**REQUIREMENT:**
Every record below must be copied exactly, with images dropped.

────

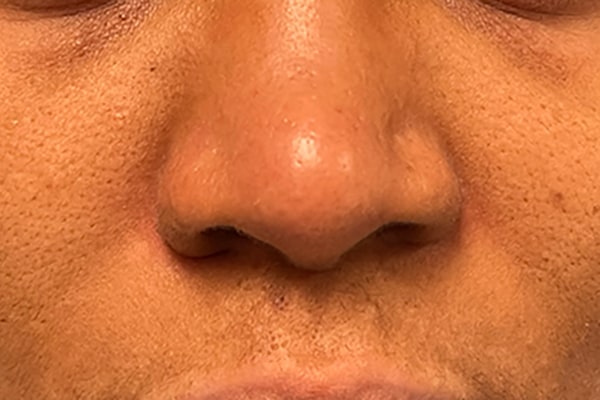 Nose Photos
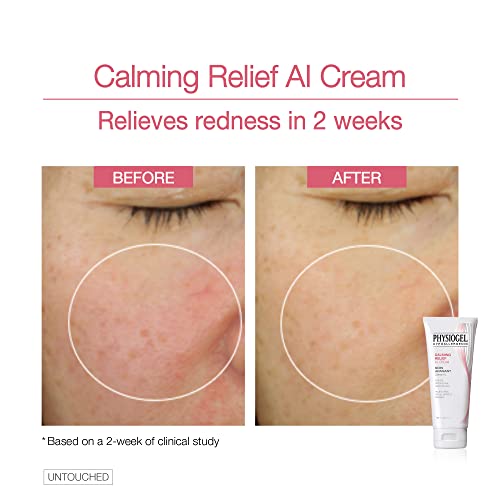Physiogel Calming Relief A.i. Face Cream | Anti-Dryness & Itchiness Ceramide Face Moisturizer For Sensitive, Itchy, Red & Dry Skin | Soothing, Low Irritant Formula, Hypoallergenic | 3.3 Fl. Oz #TOP2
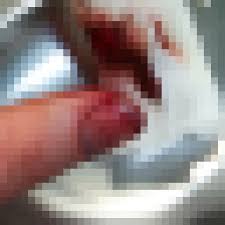 Schnittwunden im finger gehören zu den ärgernissen des alltags. Inhaltswarnung Haushaltsunfall Fotos Von Daumenkuppe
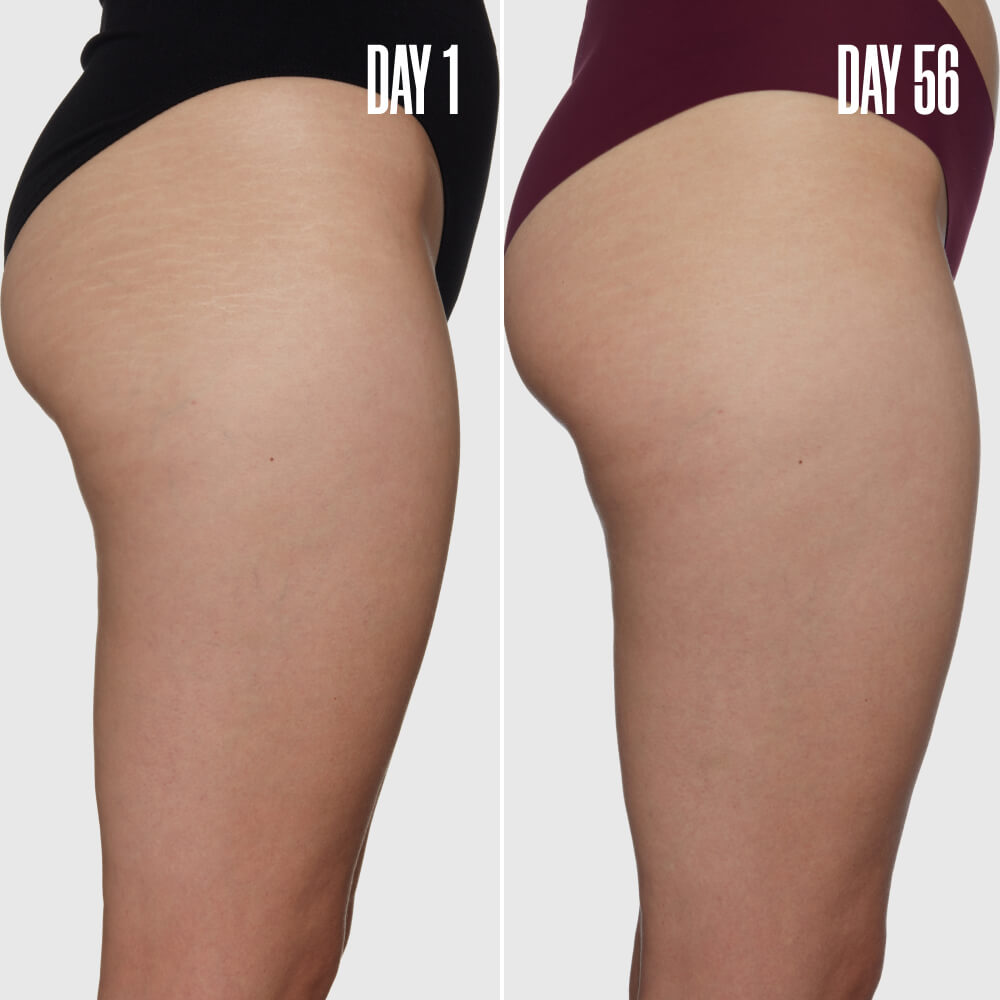 Outer Thigh Stretch Mark Cream product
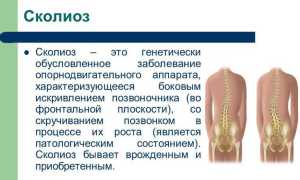 Боковое искривление позвоночника: причины и последствия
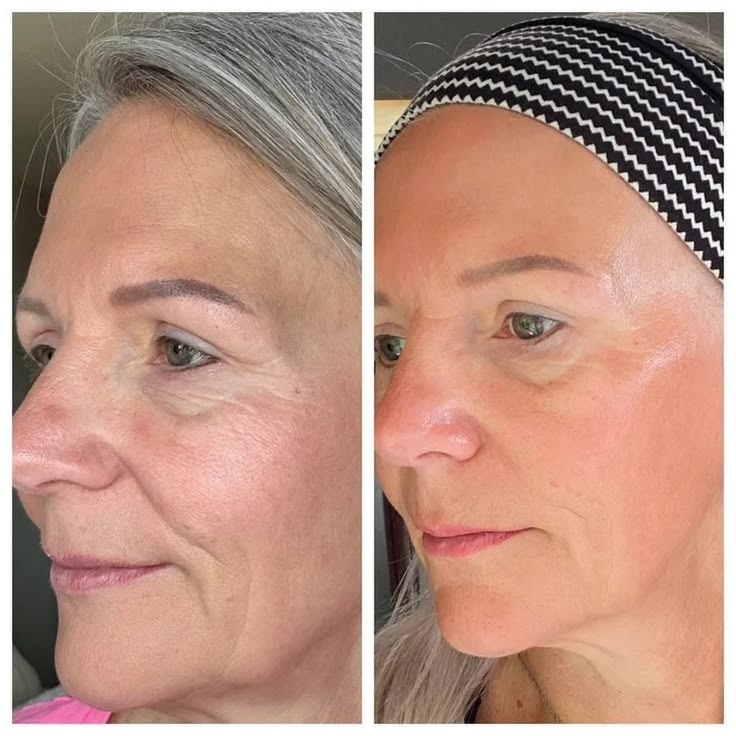 Antes e depois Lumielle 2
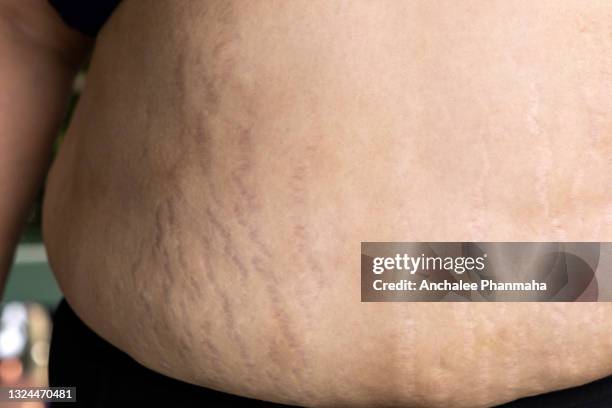 close up picture of unsmooth skin of the fat lady - fat woman stock-fotos und bilder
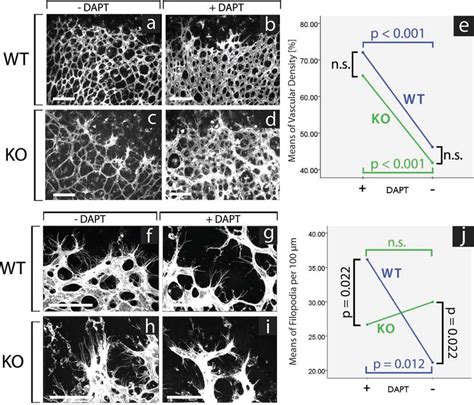 Effects Of Notch Signaling Inhibition In Wildtype And Norrin Knockout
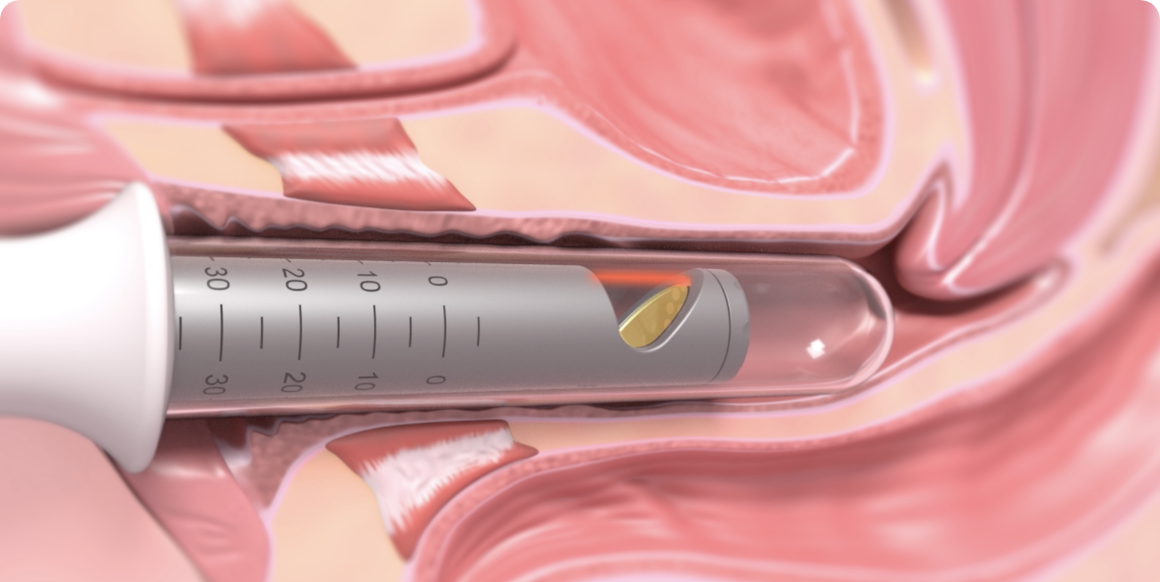 インティマレーザー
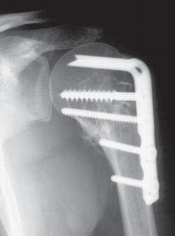 Illustration 5 for Capsular Releases for Loss of Motion: Restore Your Shoulder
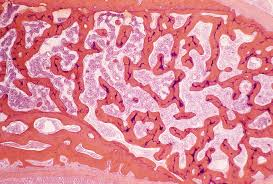 <p>Internal lattice of trabeculae; lighter and houses red or yellow marrow.</p>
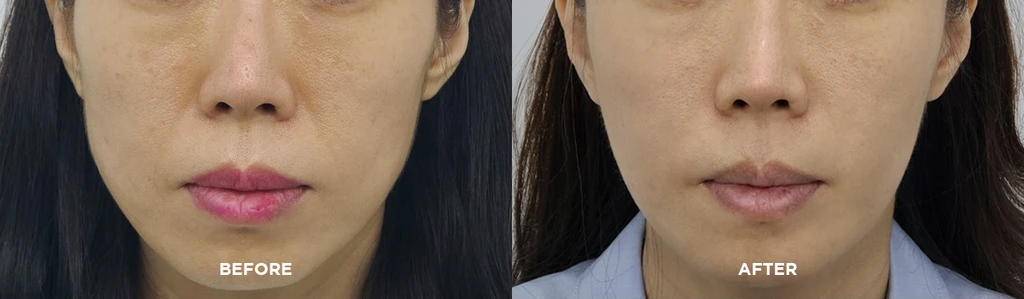 before_image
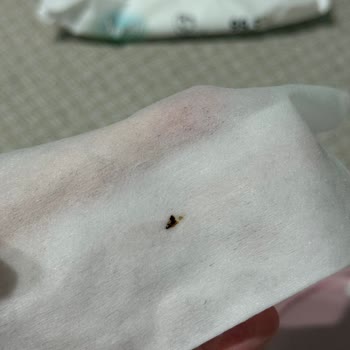 Islak Mendil Paketinden Ölü Sinek Çıkması Nedeniyle Endişe Ve Açıklama Talebi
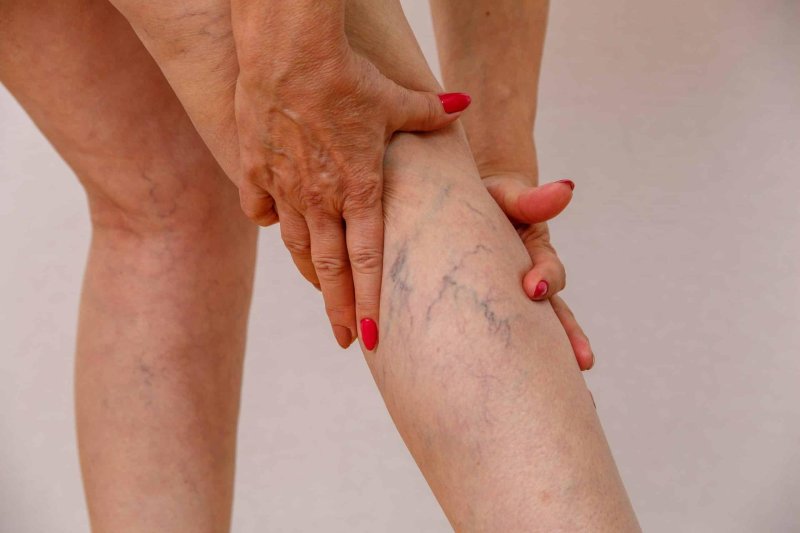 Cellulite veins on the legs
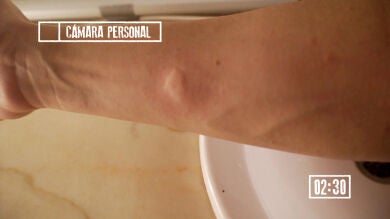 Sergio despierta a sus amigos para buscar un molesto mosquito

────

**ANSWER TO THE EXERCISE:**
 Nose Photos
Physiogel Calming Relief A.i. Face Cream | Anti-Dryness & Itchiness Ceramide Face Moisturizer For Sensitive, Itchy, Red & Dry Skin | Soothing, Low Irritant Formula, Hypoallergenic | 3.3 Fl. Oz #TOP2
 Schnittwunden im finger gehören zu den ärgernissen des alltags. Inhaltswarnung Haushaltsunfall Fotos Von Daumenkuppe
 Outer Thigh Stretch Mark Cream product
 Боковое искривление позвоночника: причины и последствия
 Antes e depois Lumielle 2
 close up picture of unsmooth skin of the fat lady - fat woman stock-fotos und bilder
 Effects Of Notch Signaling Inhibition In Wildtype And Norrin Knockout
 インティマレーザー
 Illustration 5 for Capsular Releases for Loss of Motion: Restore Your Shoulder
 <p>Internal lattice of trabeculae; lighter and houses red or yellow marrow.</p>
 before_image
 Islak Mendil Paketinden Ölü Sinek Çıkması Nedeniyle Endişe Ve Açıklama Talebi
 Cellulite veins on the legs
 Sergio despierta a sus amigos para buscar un molesto mosquito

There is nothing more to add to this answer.